Beethoven Moves / Beethoven Bewegt
Kunsthistorisches Museum Wien, 29 September 2020 — 24 January 2021

Curated by Andreas Kugler, Jasper Sharp, Stefan Weppelmann, and Andreas Zimmerman

The Kunsthistorisches Museum Vienna, in cooperation with the Archive of the Gesellschaft der Musikfreunde in Vienna, presents Beethoven Moves, an unusual homage to Ludwig van Beethoven (1770–1827), the great representative of the First Viennese School. Beethoven’s popularity remains unbroken, even 250 years after his birth. Beyond the music, his humanistic messages have influenced the history of art and culture. His early deafness shaped his image as a tragic genius.

Beethoven’s universal and unique reception, the epochal significance of his music, and the perception of his deified persona create numerous points of entry. High and popular culture, commerce, and politics all form an inexhaustible reserve of inspiration and appropriation. The exhibition brings together paintings by Caspar David Friedrich, sketchbooks by William Turner, graphic works by Francisco de Goya, Anselm Kiefer and Jorinde Voigt, sculptures by Auguste Rodin, Rebecca Horn and John Baldessari, a video by Guido van der Werve, and a new work developed for the exhibition by Tino Sehgal—all of which are brought into dialogue with the music and persona of Beethoven. The exhibition thus provides a poetic reflection of the composer and his work, as masterpieces of fine art form connections with music and silence.

The elaborately staged exhibition does not present any artworks from the Kunsthistorisches Museum collection. However, it is shown in the Picture Gallery in the context of the art and culture of many centuries, hundreds of works that precede Beethoven’s lifetime and in some ways also lead up to it.

Beethoven is one of the great influential figures in the history of music and culture, not only in Vienna but also internationally. As the largest museum in Austria, the Kunsthistorisches Museum addresses the anniversary of his 250th birthday. Museums are treasure houses, part of the cultural consciousness and tourist magnets; but beyond that, they are also discursive spaces for reflection and confrontation, laboratories for fantasy and the connection of ideas. These aspects become particularly clear in this exhibition project curated by Andreas Kugler, Jasper Sharp, Stefan Weppelmann, and Andreas Zimmerman.

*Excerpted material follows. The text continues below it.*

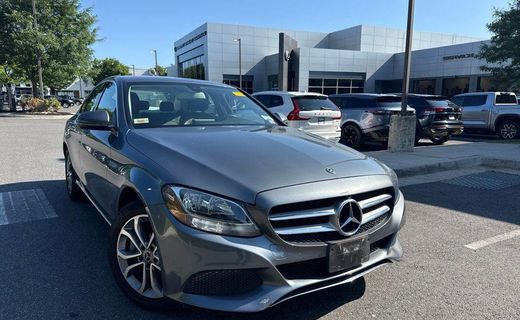 2018 Mercedes-Benz C-Class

The sequence of rooms in the exhibition relates to Beethoven’s life only in a very general sense. Divided according to themes, they are conceived as a series of tableaux, each based on distinct compositional principles. Indeed, the interplay between the various architectural settings is rather like that between the movements of an orchestral work. And this diversity in the rooms is matched by the variety of the listening experiences on offer, the media of the artworks, and the approaches taken by the artists. Accordingly, visitors will not find any directions telling them how they should move through each room. For a true experience of Beethoven depends on paying heed to one’s inner voice—as when listening to music in general. As we strive to emotionally relive the relations between music, words, imagery, and movement, we should just let our body find its place within the surrounding space. Beethoven Moves is thus intended as an invitation to enter into a very personal encounter with the great composer.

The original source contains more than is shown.